Archbishop of Dublin Diarmuid Martin has warned that true reform of the Church in Ireland will not come about by tinkering with structures, but only through a radical spiritual realignment.
Speaking at the weekend, the archbishop also said that change can be hindered by the fact that many people who talk of reform “are still fundamentally clerical in their vision of the Church”.
However, the archbishop has come in for sharp criticism from a group representing parents in Catholic schools after Dr Martin claimed in the same speech that there is a “stubborn reluctance within the Church” to parishes handing over local schools to other patrons to provide for the wishes of non-Catholic parents.
According to Patrick Treacy, spokesman for ‘Faith in Our Schools’, “people at the frontline of protecting the Christian ethos of Catholic schools legitimately expect support and encouragement from the leaders of the Catholic Church in Ireland”.
Mr Treacy warned of “a systematic removal of faith and religious education” from Irish schools under the current Government. It comes after Minister for Education Richard Bruton announced that he plans to single out Catholic schools to prevent them from giving preference to Catholic children when the school is over-subscribed.
Mr Treacy said the Department of Education had failed to conduct independent research into what schools are oversubscribed and the true extent of that oversubscription. A survey by this newspaper last year found that fewer than 2% of schools nationally are over-subscribed meaning the issue is being hugely exaggerated.
“Proper, reliable and independent research is simply essential as otherwise national changes will be made to school admission policies based on the political and media influence of secularist lobby groups,” Mr Treacy said.

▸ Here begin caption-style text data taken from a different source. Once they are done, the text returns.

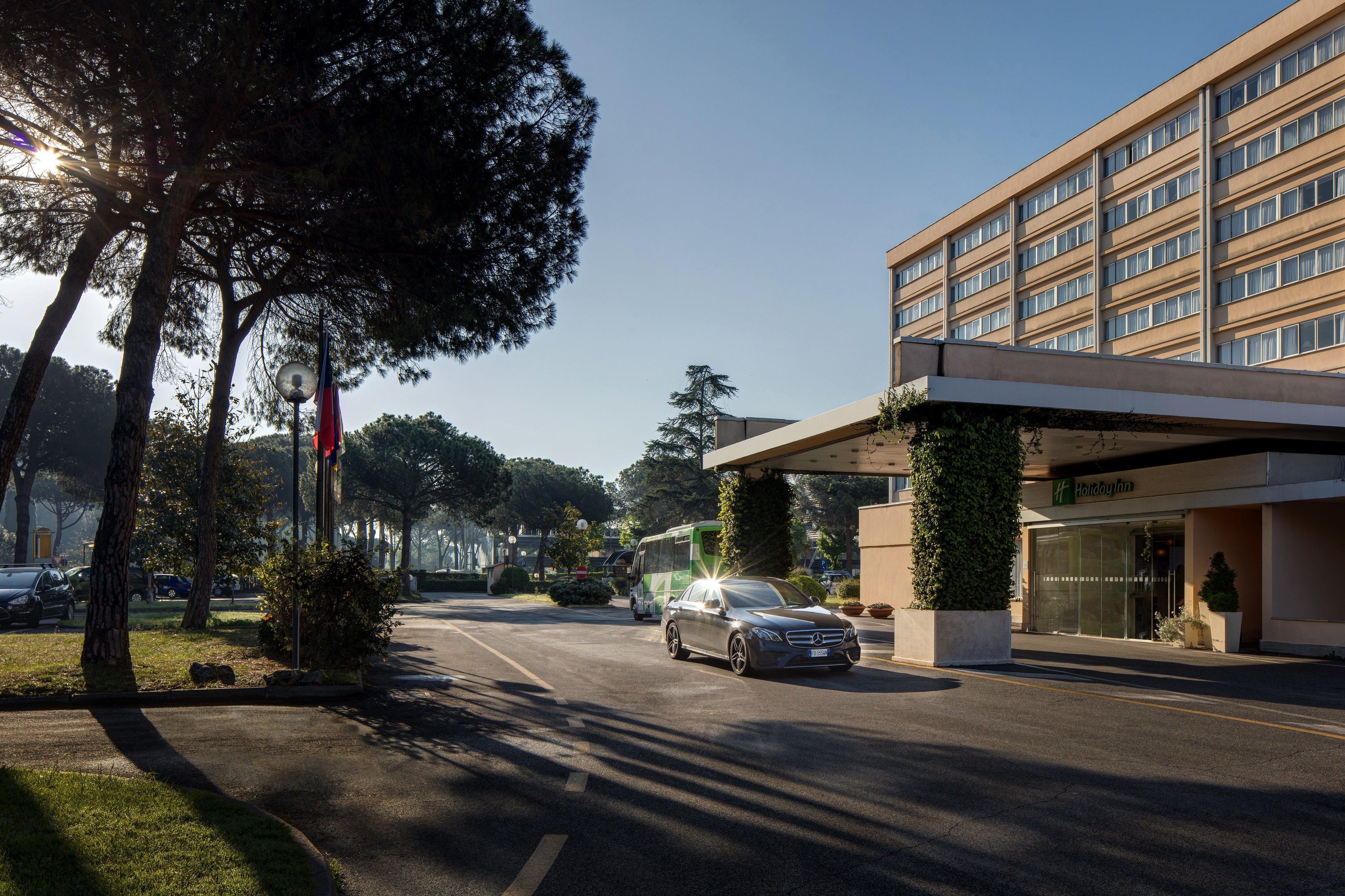 Holiday Inn Rome - Eur Parco Dei Medici, An Ihg Hotel Zewnętrze zdjęcie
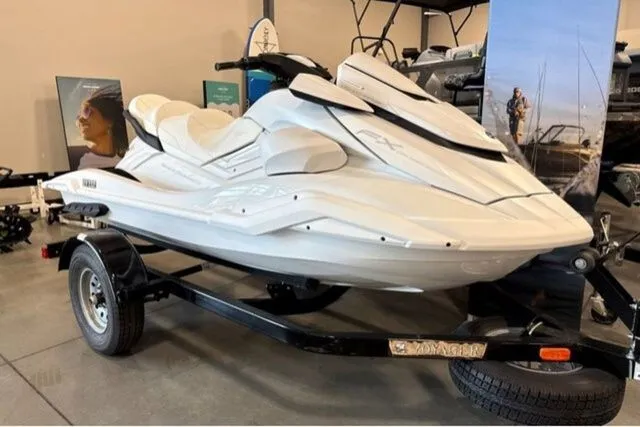 Slide: The Image of Yamaha FX CRUISER SVHO W/AUDIO-WHITE 2025 - 39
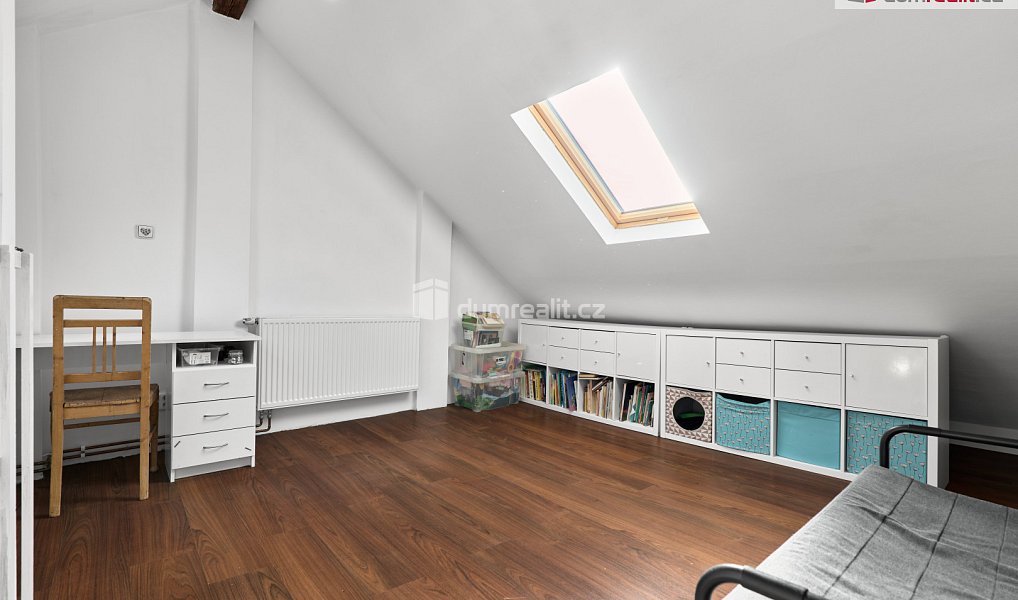 Prodej domu 100 m² s pozemkem 48 m², Ostrov – náhled fotky 18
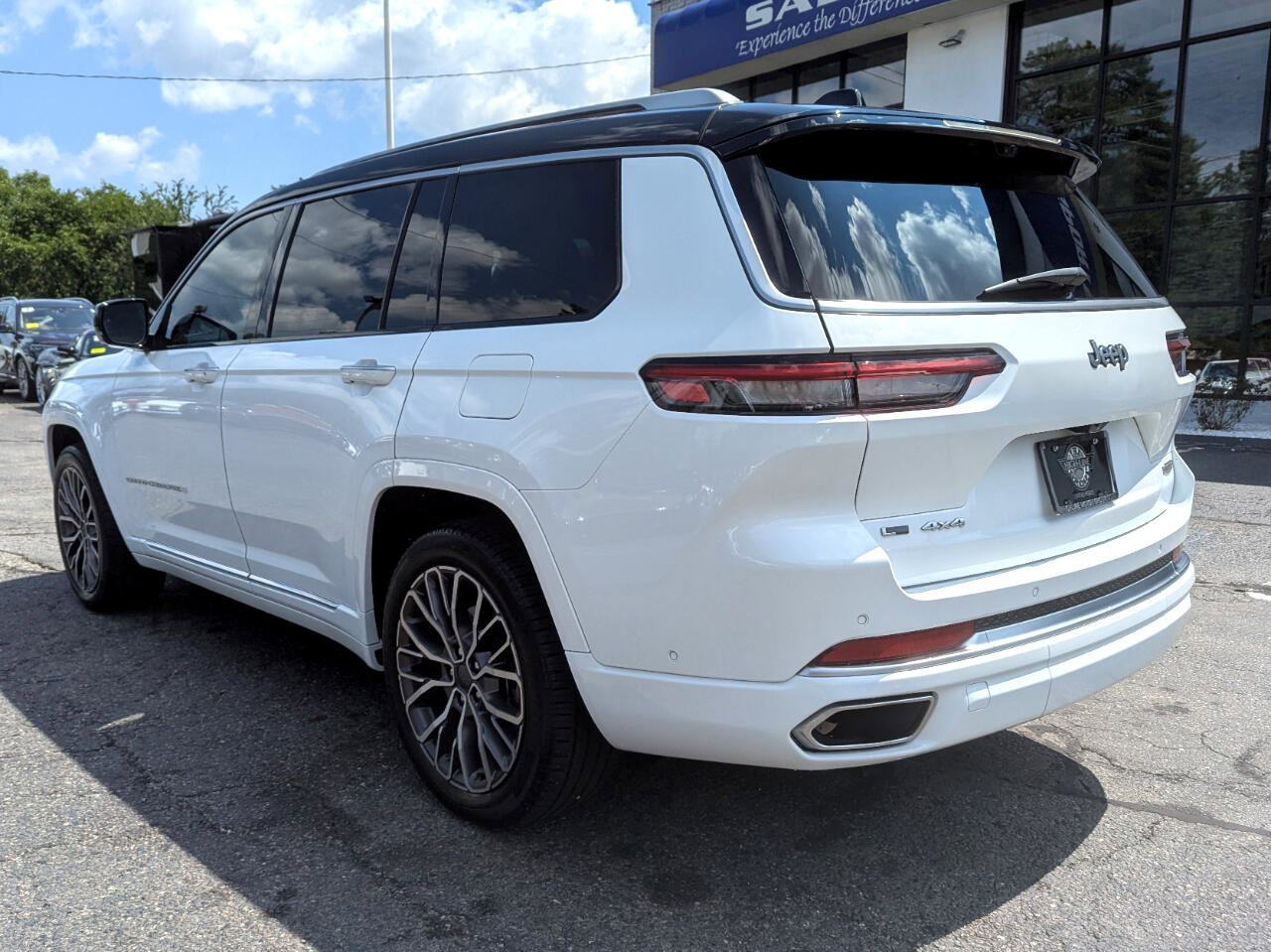 Used 2021 Jeep Grand Cherokee L Summit image 10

On the issue of Church reform, Archbishop Martin said the Church “needs to do much more to incorporate a broad spectrum of activity of laymen and women in the life of the Church and to be witnesses to their faith in the emerging Irish culture”. He warned that “many of the reform movements are still clerically-led and still fundamentally clerical in their vision of the Church”.
“They represent an older generation,” the archbishop said.
“It is not just about reforming structures. It is about the ability to preach and witness to the message of Jesus. Reform in the Church is not in the first place about the redistribution of power, but about the redefinition of power in terms of the way in which Jesus revealed who God is,” Archbishop Martin said.
Jesuit theologian Fr Gerry O’Hanlon described the archbishop’s address – given in Würzburg, Germany – as “a perceptive commentary on the situation in Ireland”. Fr O’Hanlon said Pope Francis’ vision of a collegial or synodal Church seems key to the way forward in Ireland as much as the world at large.
“I think it will be interesting when the Pope comes to Ireland next year to see the extent to which our own Church has taken up the invitation the Pope has extended to the Church worldwide,” he said
Fr Vincent Twomey, emeritus professor at Maynooth, said the lecture, as a sociological description of the state of the Church in Ireland, was “very convincing and impressive in many ways”.
The main problem, he stressed, is that of the loss of Faith – “why is that?” Key questions remain to be answered, he said. “The archbishop talks about conformist Ireland – why was Ireland so conformist? What is it in Irish Catholic culture that made us so?”